Jumlah orang miskin dunia ternyata bertambah makin banyak dan secara signifikan. Orang miskin terbanyak berada di negara sedang berkembang termasuk Indonesia. Walaupun ada pergantian pemerintahan, namun jumlah orang miskin masih cenderung naik. Berbagai krisis dunia menambah jumlah orang yang jatuh miskin.

Penyebab kemiskinan terbanyak disebabkan oleh masalah struktural yang bersumber pada pemerintah dari semua tingkat. Orang Indonesia di Singapore bisa tertib, sedang di Indonesia orang Singapore juga bertingkah tidak beda dengan orang awak. Lingkungan hidup yang buruk mutunya, memperparah orang yang terlanjur miskin. Kemiskinan bukan keadaan terminal, tetapi proses yang naik-turun.

Kemiskinan mudah dilihat (dan bersifat timbal balik) pada mutu pemukiman yang buruk. Kondisi ini akan berpengaruh secara mendasar pada mutu sumberdaya manusia yang akan (tetap) sangat rendah. Terutama terhadap anak-anak dan remaja yang seharusnya menjadi andalan masa depan bangsa.

Menjawab keadaan merisaukan ini, pimpinan dunia yang berkumpul pada Sidang Umum PBB tahun 2000, sepakat hendak memerangi kemiskinan dunia secara total dan menyetujui dokumen Millenium Development Goals (MDG). Yang pada tahun 2015, hendak mengurangi kemiskinan dunia sampai separo keadaan 1990, melalui delapan tujuan. Ini harus diperlakukan integral dengan beragam keputusan dunia sebelumnya.

Cities Alliance yang dicanangkan Bank Dunia dan UN Habitat, saat akan menapak pergantian abad, pada dasarnya bercita-cita agar pada 2020, kawasan kumuh dikurangi sampai separo keadaan 1990. Akhirnya, gerakan untuk mengurangi kawasan kumuh ini, menjadi bagian integral dari MDG. Yang harus dicapai oleh bangsa-bangsa seluruh dunia, termasuk Indonesia.

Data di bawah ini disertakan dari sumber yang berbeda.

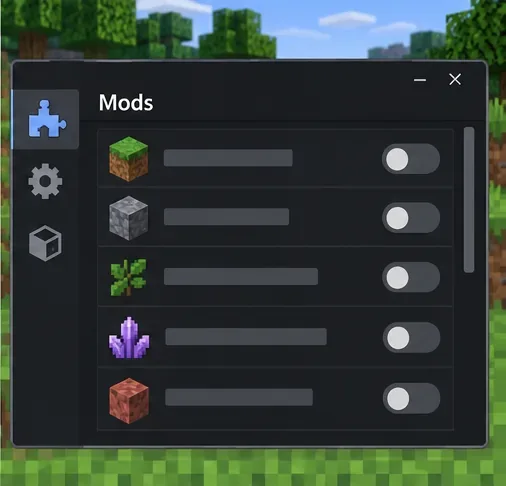 Illustrative mod management screen with optional mod toggles turned off.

Hari Habitat 2005 yang diperingati di Jakarta, Indonesia menyatakan akan mengurangi sampai minim kawasan kumuh di kota-kota menjelang 2020. Pada 2010 diharapan 200 kota, sudah bebas dari kawasan kumuh. Artinya, penduduk yang mendiami pemukiman sub-standar sudah dibawah 2 persen. Pada 2015, kota yang ”bebas” kawasan kumuh, akan mencapai 350. Diharapkan pada 2020, Indonesia tidak diganggu oleh keberadaan pemukiman sub-standar.

Kemiskinan dan pemukiman kumuh, diakui masyarakat dunia sebagai hambatan serius dalam meningkatkan kesejahteraan rakyat pada umumnya. Bahkan, dikatakan bahwa tinggi rendah tingkat kemiskinan, menjadi gambaran dari keberhasilan atau kegagalan pemerintahan (di daerah), dalam memenuhi tanggung jawabnya. Makin besar luas kawasan kumuh dan jumlah orang miskin, makin gagal pemerintah (daerah) menjalankan tugas dan kewajibannya.

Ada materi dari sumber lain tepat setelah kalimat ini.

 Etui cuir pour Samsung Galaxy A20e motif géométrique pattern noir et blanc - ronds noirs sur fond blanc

Orde Baru merupakan era pertama pembangunan perumahan. Yang dilakukan secara terprogram dan terencana, seperti tertuang dalam Rencana Pembangunan Lima Tahun (Repelita). Kenyataannya perumahan dalam Repelita, hanya dilihat sempit, terbatas pada perumahan formal baru. Perbaikan kampung dilaksanakan secara nasional dalam Repelita III, setelah Jakarta dan Surabaya berhasil melaksanakannya. Itupun masih secara ad-hoc.

Bank Pembangunan Asia (Asian Development Bank) bekerjasama dengan pemerintah Indonesia, untuk pertama kali memulai dengan pembangunan pemukiman dan perumahan kota yang holistik dan sesuai keadaan di lapangan.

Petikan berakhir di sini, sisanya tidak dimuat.